I see you. I know you.
July 23, 2016 ~ To the mom waiting for a table at the little restaurant we both chose for breakfast last week, I want you to know that I noticed. I saw your son, the same age as mine, with his disheveled hair, his mismatched clothing under his long black woman's cloak, his water bottle in one hand and his convenience store drink in the other.
I saw that look on his young face - a little confused, a little vacant, and suspected that he was, perhaps, listening to someone no one else could see, or was struggling to keep the anxiety from so many people and their happy Saturday breakfast chatter from overwhelming him.
I saw other people try not to stare; they were only trying to figure it out. But I knew.
I saw you follow him when he walked outside and back in for no apparent reason. Your eyes tracked him as he wandered to the bathroom, to the other side of the room, to the door. (Would a table never be available??)
I felt your own uncertainty - that bringing him to this active, noisy place might have been the wrong decision. I imagined your thoughts - please let it be ok.
In your face I read the strain from sleepless nights as you fight your own fears. I felt your sadness over the fact that the happy little boy you used to know has been taken away from you by an illness even the experts don't fully understand. I felt your disappointment over so many lost opportunities.
But I also saw your strength.
I saw that you had a peace about you - not really an acceptance of what mental illness has brought to you and your son (because acquiescence is too much to ask), but a determination to not let it crush you.

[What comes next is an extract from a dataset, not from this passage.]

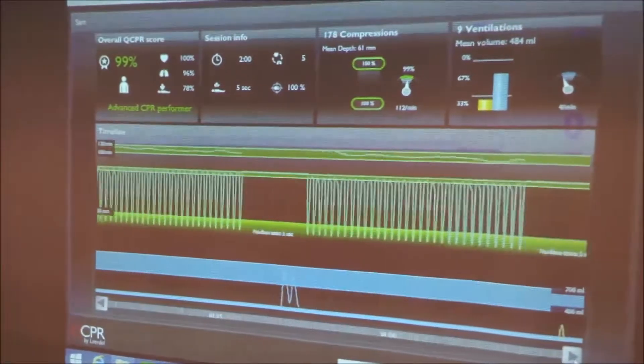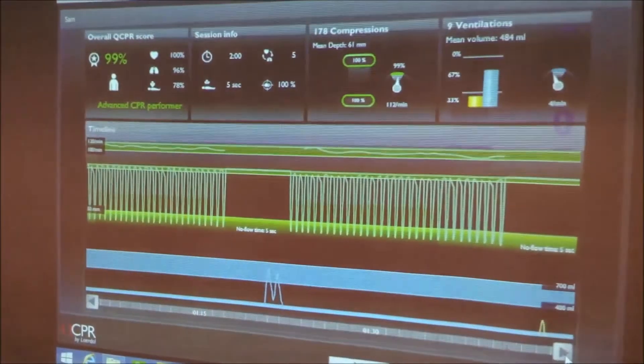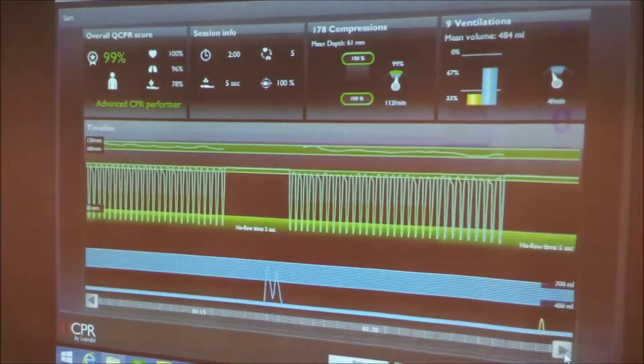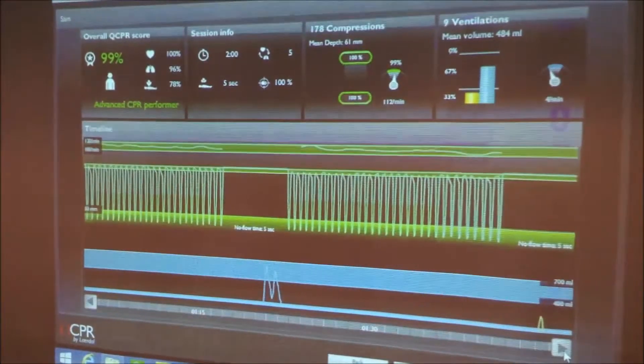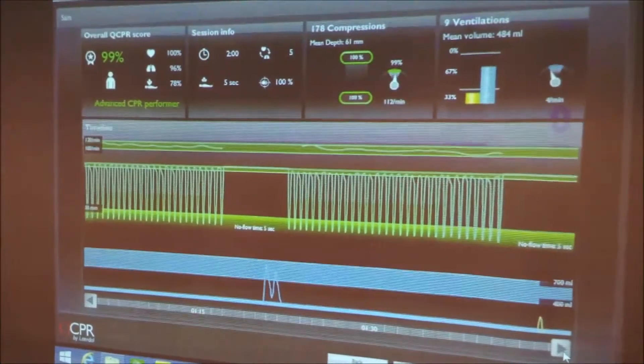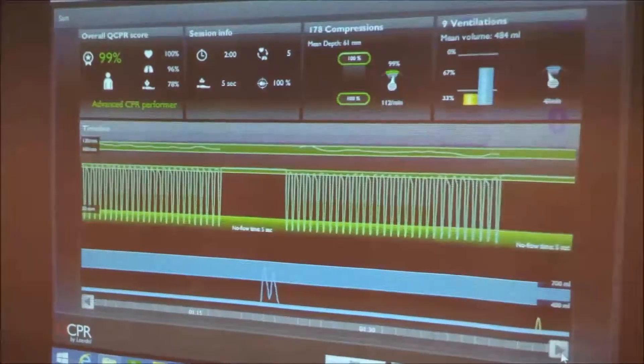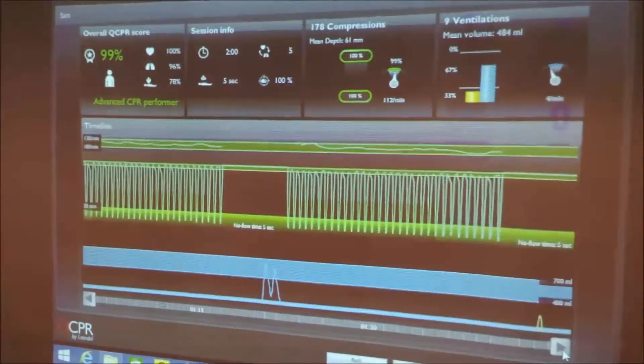In fact, in some occasions, this person is achieving a no flow time of 4 seconds. That's the time going from the chest to ventilating to being back on the chest again.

I saw you trying to have a normal Saturday morning, even though the life you now find yourself in is anything but normal.
And I wanted to give you a hug.
But I was a stranger and for some reason it is oh-so-hard to walk up to someone and say, "My son has a mental illness, too."
So I bought breakfast for you instead. It was the best I could do, and though it wasn't much, hopefully the angels whispered to you that you aren't alone. That someone near you was paying attention, sharing your journey, and sending the message that you are doing a very hard thing and obviously doing it with great love and wisdom and courage.
I know your life. I understand it. We both believe in what may seem impossible - that one day, treatments and medications will work better. That our doctors who try so hard will understand more, and have better tools to use to help us fight this battle. That our lives won't be one hospitalization after another. And that there will be less stigma, more hope, and a brighter future - for both our children.